Data journalism can be so valuable at aiding the understanding of complex issues. It has the potential to create policy change and hold wrong doers accountable, while using data to back and create credibility. However, data can be used to cause harm if not handled properly. The reading below explore further concepts that should be considered in data collection and usage.
Becoming Data: Data and Humanity podcast episode dives into the ethical and moral uses of data and how data can be used for good or evil. It uncovers how data collection practices are often not legal. The data collected is then subjected to the collectors own morality and through this, the podcasts exposes that data can be used for harm. They bring a vital perspective of questioning how can we use data to nurture instead of punish. They raise important aspects to consider for data journalism, where the data is coming from and ultimately when exposed will it do harm to certain groups.
Alex Howard’s talk on Data Journalism in the Second Machine Age discusses the new technologies that can be applied and through the evolution of technology how data is being integrated instead of people. Similarly to the Becoming Data podcast, he raises valid points about the ethics of using people’s data. Alex Howard uses several examples to highlight that privacy and security of sensitive data must still be protected and cannot be released, similar to how journalist would use an anonymous source to protect their identity.
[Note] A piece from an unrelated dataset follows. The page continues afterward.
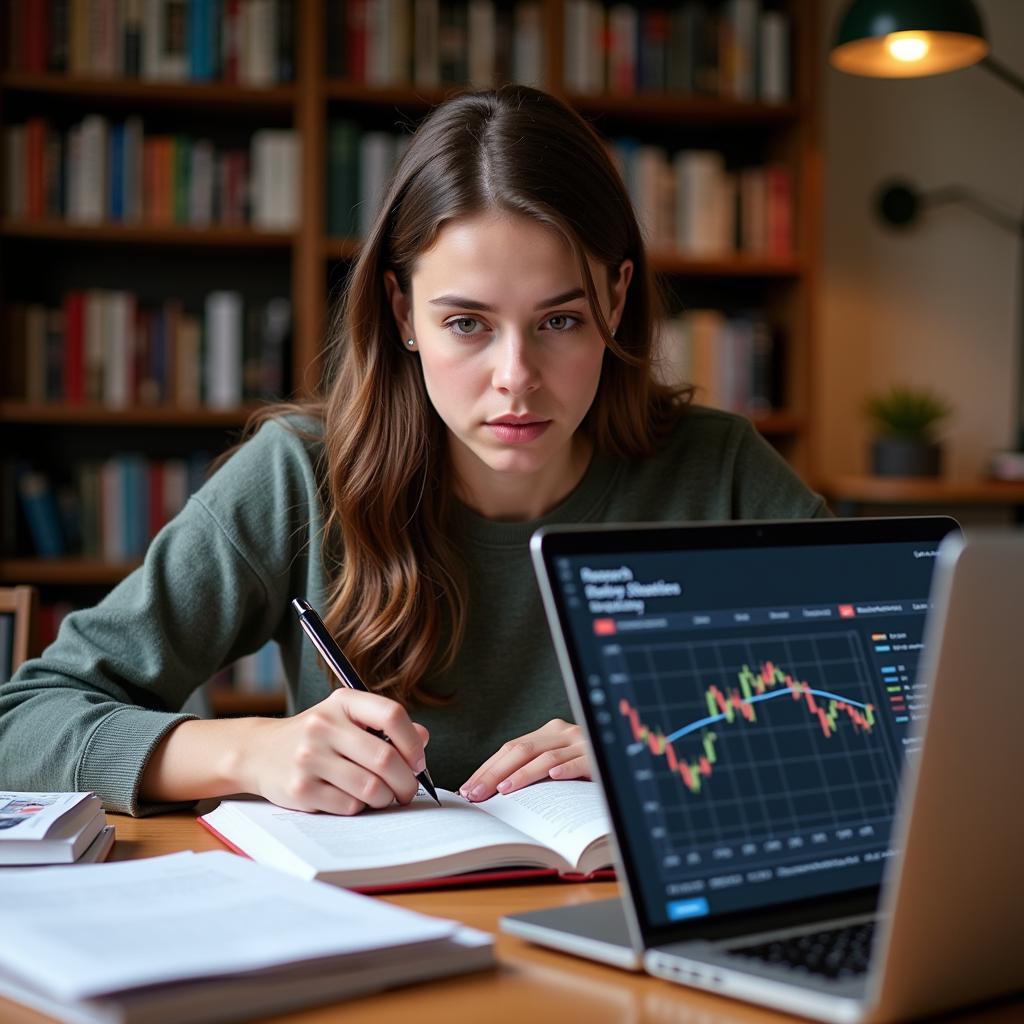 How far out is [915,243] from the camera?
349 cm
Data Set Failures and Intersectional Data by Nikki Stevens discusses intersectionality which is an important analytical framework which can be used in data journalism. Nikki discusses the common eight lifecycle phases of data and where failure has been seen. Intersectional research can aid data journalism by exposing power structures, systemic inequalities and social inequality.
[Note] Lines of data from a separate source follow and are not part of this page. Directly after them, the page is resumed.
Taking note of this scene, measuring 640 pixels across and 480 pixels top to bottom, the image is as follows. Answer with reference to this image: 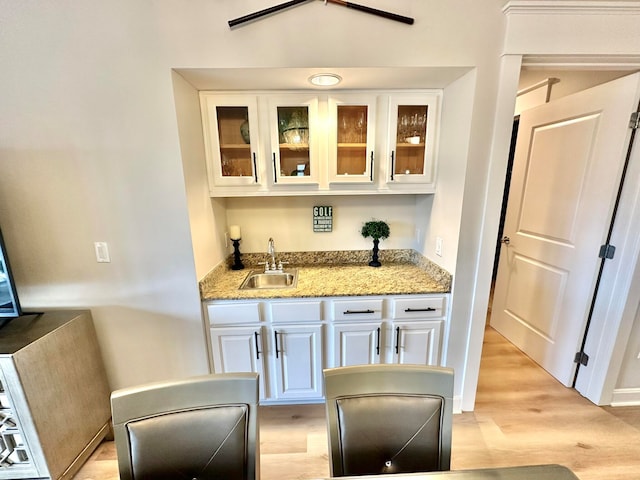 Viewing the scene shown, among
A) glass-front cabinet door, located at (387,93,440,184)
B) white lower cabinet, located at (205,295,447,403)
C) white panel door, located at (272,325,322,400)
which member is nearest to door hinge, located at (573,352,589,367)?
white lower cabinet, located at (205,295,447,403)

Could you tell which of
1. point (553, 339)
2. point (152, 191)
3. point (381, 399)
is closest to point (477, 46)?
point (381, 399)

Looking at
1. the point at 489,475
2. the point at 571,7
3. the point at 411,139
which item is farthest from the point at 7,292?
the point at 571,7

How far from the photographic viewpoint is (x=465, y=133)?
4.79 feet

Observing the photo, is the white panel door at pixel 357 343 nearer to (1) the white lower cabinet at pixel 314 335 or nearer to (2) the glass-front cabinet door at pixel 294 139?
(1) the white lower cabinet at pixel 314 335

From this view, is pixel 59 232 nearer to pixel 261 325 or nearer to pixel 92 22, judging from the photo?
pixel 92 22

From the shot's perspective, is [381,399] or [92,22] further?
[92,22]

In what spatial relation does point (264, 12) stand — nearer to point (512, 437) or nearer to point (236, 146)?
point (236, 146)

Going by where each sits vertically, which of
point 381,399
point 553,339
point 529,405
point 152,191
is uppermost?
point 152,191

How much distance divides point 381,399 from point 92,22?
2.13 m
Data journalism often addresses complex issues and because of this it is important to ensure the data is credible, is fact-checked, and transparent while protecting the identity of those involved. It is important that data is not being used to continue systemic biases through collection methods. Data can be used for harm, but it can also be used to hold certain groups accountable (ex. governments) or to facilitate public policy, while aiding and elevating marginalized voices.